Implementation Notes

The core library is written in C, but has a python wrapper for each language.
The python wrapper for the library may not be on pip. If so, we need to install this directly from git. I was working with C# and used version 0.21.3 for backward compatibility with the tree-sitter C library. The wrapper is not completely intuitive, the error messages was not informative, and the argument for the language was inconsistent. e.g., Language('cache/build/c-sharp.so', 'c_sharp')
We can inspect the node types with node.type and further include this information in the meta-data of the chunks.

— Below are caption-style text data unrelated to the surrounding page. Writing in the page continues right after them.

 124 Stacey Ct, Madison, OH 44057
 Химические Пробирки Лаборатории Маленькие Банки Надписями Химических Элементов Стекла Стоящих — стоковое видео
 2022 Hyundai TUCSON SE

I did not implement this with a stack originally, and did " ".join(current_chunk, new_text) passing current_chunk as an argument under the recursive call. This resulted in the same current_chunk was being joined to multiple new_text. The stack is necessary as a mutable object which is pass-by-reference to the recursive call, allowing the function to modify the original object.

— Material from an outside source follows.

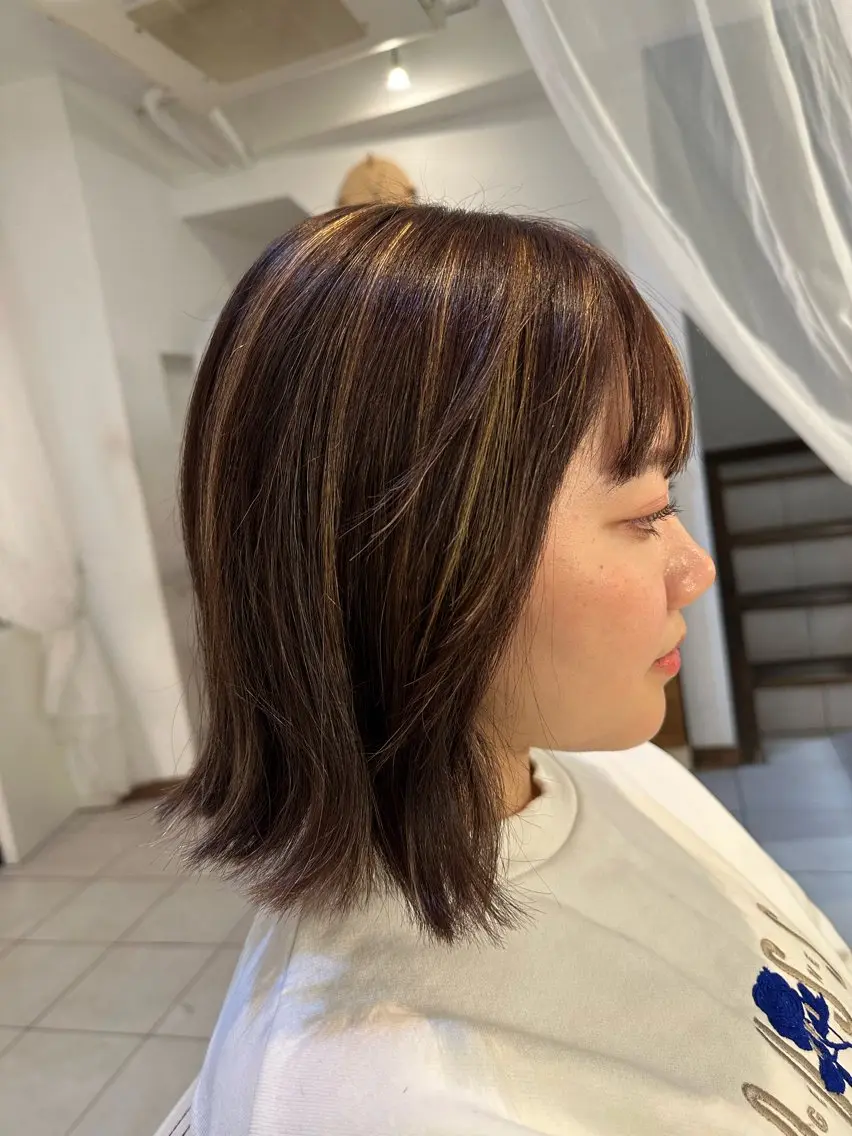 ミディアム カラー ヘアアレンジ ハイライトカラー ボブ ハイライト 外ハネヘア fiorista岡田 まゆこのヘアスタイル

All our operations involving the stack are O(1) as deque is a double linked list. This is an efficient way to implement our stack, as we only use the operations of append, pop, and inspecting the last element in the stack. If we needed to access other elements, this probably wouldnt work because the inspection is O(n).
Writing the unit test is straightforward; ensure that we can reconstruct the same code file, if all whitespaces are removed. e.g., assert re.sub(r"\s+", "", text) == re.sub(r"\s+", "", "".join(chunks))